**PROBLEM**
The expected output is the full data, repeated exactly, without pictures.

--

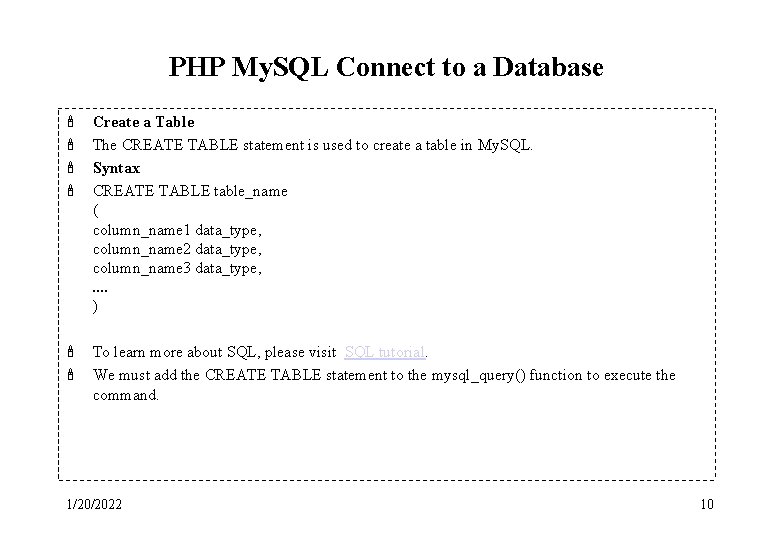 PHP My. SQL Connect to a Database ' ' Create a Table The CREATE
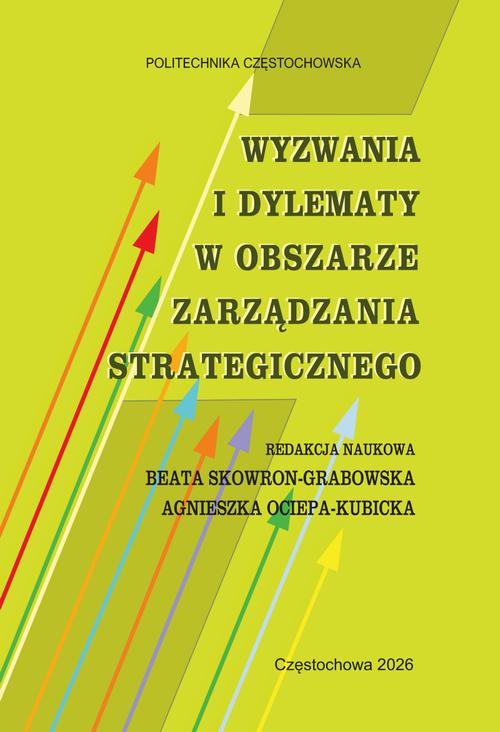 Tytuł: Wyzwania i dylematy w obszarze zarządzania strategicznego
Autor: 
Wydawnictwo: Politechnika Częstochowska
Formaty: PDF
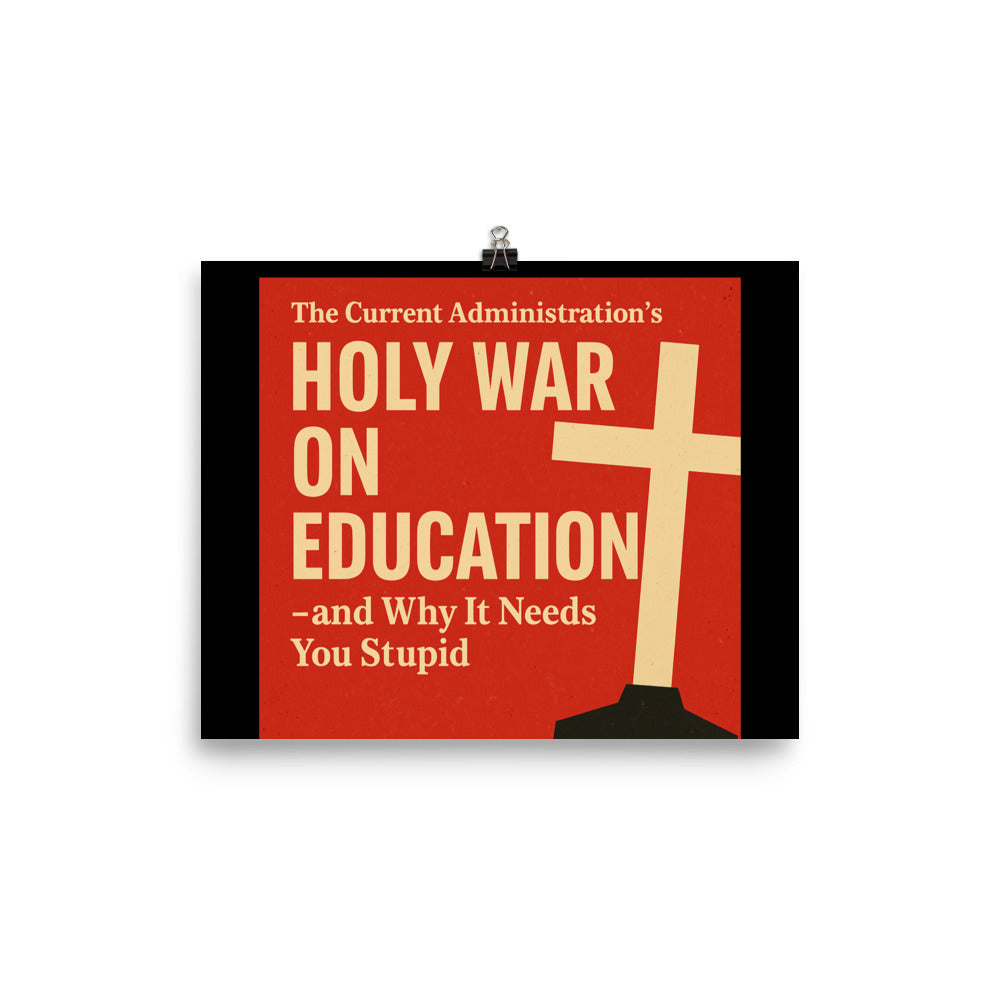 Holy War on Education Poster – Satirical Wall Art Exposing Faith Over Facts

--

**WRITTEN REPLY**
 PHP My. SQL Connect to a Database ' ' Create a Table The CREATE
 Tytuł: Wyzwania i dylematy w obszarze zarządzania strategicznego
Autor: 
Wydawnictwo: Politechnika Częstochowska
Formaty: PDF
 Holy War on Education Poster – Satirical Wall Art Exposing Faith Over Facts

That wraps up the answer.